Oncogenic fusion proteins and their role in three-dimensional chromatin structure, phase separation, and cancer. Quiroga I.Y., Ahn J.H., Wang G.G., Phanstiel D.H. Current Opinion in Genetics & Development, 2022.
Phase separation drives aberrant chromatin looping and cancer development. Ahn H.A., Davis E.S., Daugird S.Z., Zhao S., Quiroga I.Y., Uryu H., Li J., Storey A.J., Tsai Y., Keeley, D.P., Mackintosh S.G., Edmondson R.D., Byrum S.D., Cai L., Tackett A.J., Zheng D., Legant W.R., Phanstiel D.H., Wang G.G. Nature, 2021.
Software Development
With the great increase in complexity of -omic technologies comes an even greater need for tools to help investigate and interpret the data. We develop R packages, web applications, and pipelines to analyze and visualize large multi-omic data sets. We aim to reduce data dimensionality into simple visualizations that improve interpretability. We work on open-source software to facilitate the analysis of genetic, genomic, and proteomic data. We aim to make the software, designed to address novel analysis problems arising from the needs of our experimental undertakings, widely accessible and generalizable to other scientists.

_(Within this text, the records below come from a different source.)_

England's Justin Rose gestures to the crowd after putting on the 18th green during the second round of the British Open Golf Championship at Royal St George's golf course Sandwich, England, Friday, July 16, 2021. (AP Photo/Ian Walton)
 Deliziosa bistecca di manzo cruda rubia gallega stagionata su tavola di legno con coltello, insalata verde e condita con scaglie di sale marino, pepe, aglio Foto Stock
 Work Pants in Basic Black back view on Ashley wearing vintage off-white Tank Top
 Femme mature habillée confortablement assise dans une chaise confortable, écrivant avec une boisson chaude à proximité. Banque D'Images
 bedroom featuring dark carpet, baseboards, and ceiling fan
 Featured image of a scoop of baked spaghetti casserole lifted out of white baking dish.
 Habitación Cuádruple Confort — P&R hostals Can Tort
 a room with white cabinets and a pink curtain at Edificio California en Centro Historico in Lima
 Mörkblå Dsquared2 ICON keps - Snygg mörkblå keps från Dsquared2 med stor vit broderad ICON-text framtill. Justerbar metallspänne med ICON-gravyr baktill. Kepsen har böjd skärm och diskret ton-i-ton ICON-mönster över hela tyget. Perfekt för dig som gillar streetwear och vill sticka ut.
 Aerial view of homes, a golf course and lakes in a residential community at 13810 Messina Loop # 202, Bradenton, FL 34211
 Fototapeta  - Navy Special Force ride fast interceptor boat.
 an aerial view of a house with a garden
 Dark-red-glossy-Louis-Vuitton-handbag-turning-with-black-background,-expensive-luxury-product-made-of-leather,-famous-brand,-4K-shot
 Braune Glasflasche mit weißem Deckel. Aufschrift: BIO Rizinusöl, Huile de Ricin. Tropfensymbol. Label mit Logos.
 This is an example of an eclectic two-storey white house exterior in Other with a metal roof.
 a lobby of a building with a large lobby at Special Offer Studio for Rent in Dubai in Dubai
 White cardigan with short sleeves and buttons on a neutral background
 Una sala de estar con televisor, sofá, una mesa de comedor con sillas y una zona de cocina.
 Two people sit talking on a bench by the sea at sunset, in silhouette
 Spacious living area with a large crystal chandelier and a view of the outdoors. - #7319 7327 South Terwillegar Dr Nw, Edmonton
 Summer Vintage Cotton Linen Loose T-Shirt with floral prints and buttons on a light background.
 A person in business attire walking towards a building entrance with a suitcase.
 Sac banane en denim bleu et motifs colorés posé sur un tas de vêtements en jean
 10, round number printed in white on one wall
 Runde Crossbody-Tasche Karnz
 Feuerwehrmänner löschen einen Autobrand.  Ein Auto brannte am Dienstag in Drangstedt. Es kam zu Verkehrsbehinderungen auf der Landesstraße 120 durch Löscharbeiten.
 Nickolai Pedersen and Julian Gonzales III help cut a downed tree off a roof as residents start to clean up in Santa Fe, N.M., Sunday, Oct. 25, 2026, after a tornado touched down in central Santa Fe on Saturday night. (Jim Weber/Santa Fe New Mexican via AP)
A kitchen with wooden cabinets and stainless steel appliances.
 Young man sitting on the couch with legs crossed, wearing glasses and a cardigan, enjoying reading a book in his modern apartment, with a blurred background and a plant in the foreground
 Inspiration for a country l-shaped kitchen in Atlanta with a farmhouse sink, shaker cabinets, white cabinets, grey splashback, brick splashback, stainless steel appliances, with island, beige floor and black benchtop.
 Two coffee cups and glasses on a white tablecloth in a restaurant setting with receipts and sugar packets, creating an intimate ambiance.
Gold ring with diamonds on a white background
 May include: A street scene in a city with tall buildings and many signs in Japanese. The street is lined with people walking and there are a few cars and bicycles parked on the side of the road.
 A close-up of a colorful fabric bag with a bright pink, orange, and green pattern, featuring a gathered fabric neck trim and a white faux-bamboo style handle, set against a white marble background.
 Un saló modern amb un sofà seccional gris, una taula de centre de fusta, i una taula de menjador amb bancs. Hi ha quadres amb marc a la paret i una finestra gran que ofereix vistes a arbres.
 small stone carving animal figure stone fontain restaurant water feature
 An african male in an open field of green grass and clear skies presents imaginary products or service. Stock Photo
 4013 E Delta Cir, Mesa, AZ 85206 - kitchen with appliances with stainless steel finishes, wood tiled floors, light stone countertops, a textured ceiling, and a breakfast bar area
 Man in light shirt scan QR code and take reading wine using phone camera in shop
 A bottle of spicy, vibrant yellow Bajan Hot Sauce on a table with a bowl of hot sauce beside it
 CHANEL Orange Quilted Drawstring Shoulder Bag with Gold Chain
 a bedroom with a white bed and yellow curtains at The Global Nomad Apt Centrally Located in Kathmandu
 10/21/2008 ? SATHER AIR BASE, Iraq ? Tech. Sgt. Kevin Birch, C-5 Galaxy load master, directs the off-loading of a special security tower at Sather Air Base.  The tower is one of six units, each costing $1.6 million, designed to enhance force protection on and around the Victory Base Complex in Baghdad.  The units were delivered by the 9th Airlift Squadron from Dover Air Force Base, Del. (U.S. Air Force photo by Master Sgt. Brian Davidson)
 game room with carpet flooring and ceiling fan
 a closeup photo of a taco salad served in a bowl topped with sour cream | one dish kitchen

Plotgardener: cultivating precise multi-panel figures in R. Kramer NE, Davis ES, Wenger CD, Deoudes EM, Parker SM, Love MI, Phanstiel DH. Bioinformatics. 2022.
Coral: Clear and Customizable Visualization of Human Kinome Data. Metz KS, Deoudes EM, Berginski ME, Jimenez-Ruiz I, Aksoy BA, Hammerbacher J, Gomez SM, Phanstiel DH. Cell Syst. 2018..
Mariner: explore the Hi-Cs. Davis ES, Parker SM, Kramer NE, Flores JP, Kiran M, Phanstiel DH. Bioinformatics. 2024.
CULTIVATED MEAT
Beef production is a leading contributor to greenhouse gas emissions, deforestation, climate change, zoonotic disease risk, and animal suffering. Additionally, undercooked meat remains a major source of foodborne illness due to contamination with intestinal pathogens such as Salmonella, Escherichia coli, and Campylobacter. Cultivated meat produced in bioreactors rather than live animals was recently approved for sale in the United States and offers a promising solution to these challenges; however, current production methods remain technically limited and prohibitively expensive, restricting its widespread adoption.
Our lab uses high-throughput CRISPR screens, genome editing, and computational biology to develop novel animal cell lines that improve the health, safety, and cost-effectiveness of cultivated meat. Current projects include engineering bovine cells that lack alpha-gal epitopes, making them safe for patients with mammalian meat allergies (alpha-gal syndrome), and optimizing cellular properties to enhance growth efficiency and reduce production costs.